Martin hated mysteries. Especially minor niggling ones like this that would, no doubt, have some mildly disappointing revelation at the end of it all. He had expended a great deal of effort to get his life boring, predictable and humdrum. Having it disrupted by something this trivial, especially on a Saturday, his day for doing as little as possible, was already beginning to annoy him.

He sat down at the desk in his room and put the package down in front of him. He stared at it a moment, leaning back in his chair. He sighed, picked up the package and tipped out its contents. He stared down at the desk.

Martin sighed and turned on his laptop, watching as the hard disk moaned lethargically into life as though it was suffering some terminal disease.

Juggling Balls?

Who on Earth would send him three juggling balls? Martin shook his head and looked at the postmark on the package. It was too faint and too faded to be legible. He untied the knot in the plastic-mesh bag and tipped the balls out into his hand. They were softer and lighter than he expected them to be. He was tempted to try juggling them, but only for a moment.

The laptop hard drive made a sound not dissimilar to an arthritic hippopotamus discovering the lift is out of order and the laptop died. Martin muttered a few swear words more out of habit than through any real anger and rebooted the machine.

Juggling Balls?

He looked around the room, searching for some clue in its reassuring familiarity. He stared at the posters of the solar system, stars and galaxies he had recently started collecting for some reason he was still not entirely certain of. Then he stared over at his wardrobe - solid and silent. Then at his bookshelves, at his midi Hi-Fi system and its pile of dusty, unused CDs. Then over to the guitar with the broken B string, and finally, back to the three juggling balls. There were no clues there, although there was a slight resemblance between the solid-looking juggling balls and one particular photograph of Mars and its two moons, but it was only a trick of perspective, nothing more.

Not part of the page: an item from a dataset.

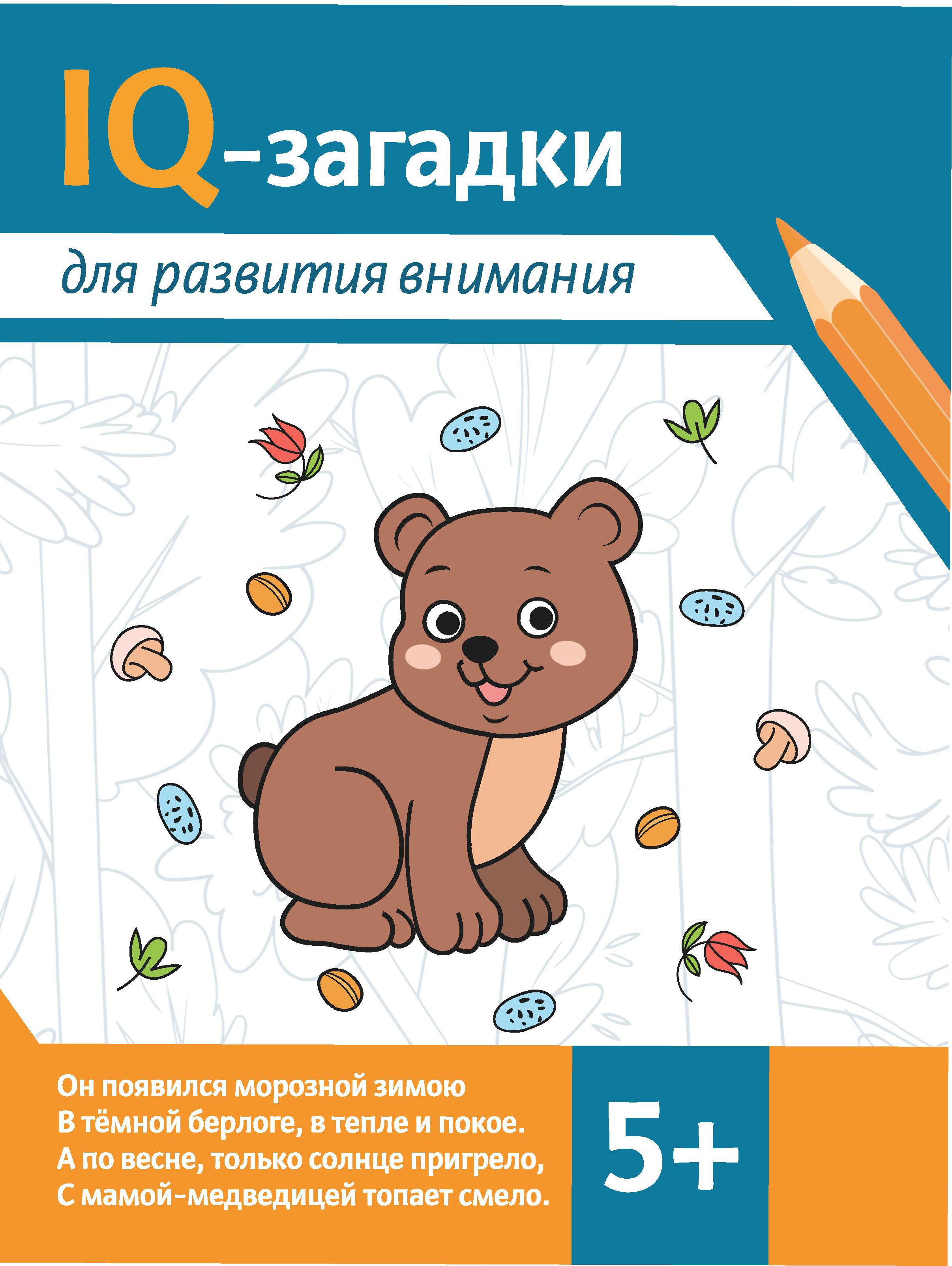 IQ mįslės dėmesio ugdymui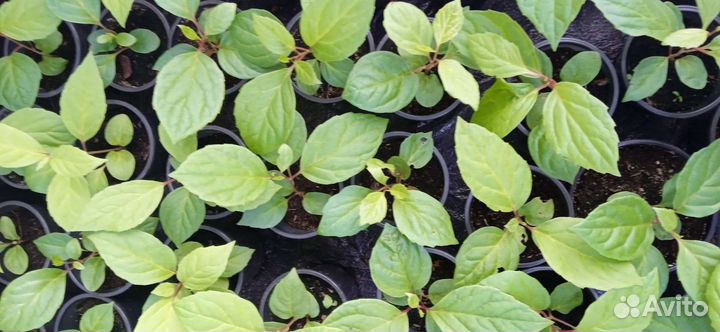 Лимонник зкс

Martin looked down at the desk once more, absently lifting the top of the angle-poise lamp upright; it slowly curled itself back up like time-lapse film of a plant wilting.

Juggling balls?

He poked at one of them tentatively with his finger; it rolled a little way and stopped.

Juggling balls.

The laptop sighed again and briefly considered showing something on its screen, but then decided it was far too much work for a weekend and turned itself off again.

Juggling balls?

Martin looked down at the desk, at the three balls. He hated mysteries, the way they nagged at the brain and offered the tempting possibility of resolution if only you tried just a little bit harder, thought a little more, spent a bit more time....

He pressed the button on the laptop again, this time not even bothering to swear at it.

It was no good though. He picked up the balls and dropped them back into the mesh bag.

Perhaps, he decided, a cup of coffee, or two, would help him make sense of it all. Maybe, he thought, if he left the laptop to start itself without him watching, it would decide to give it more of a go.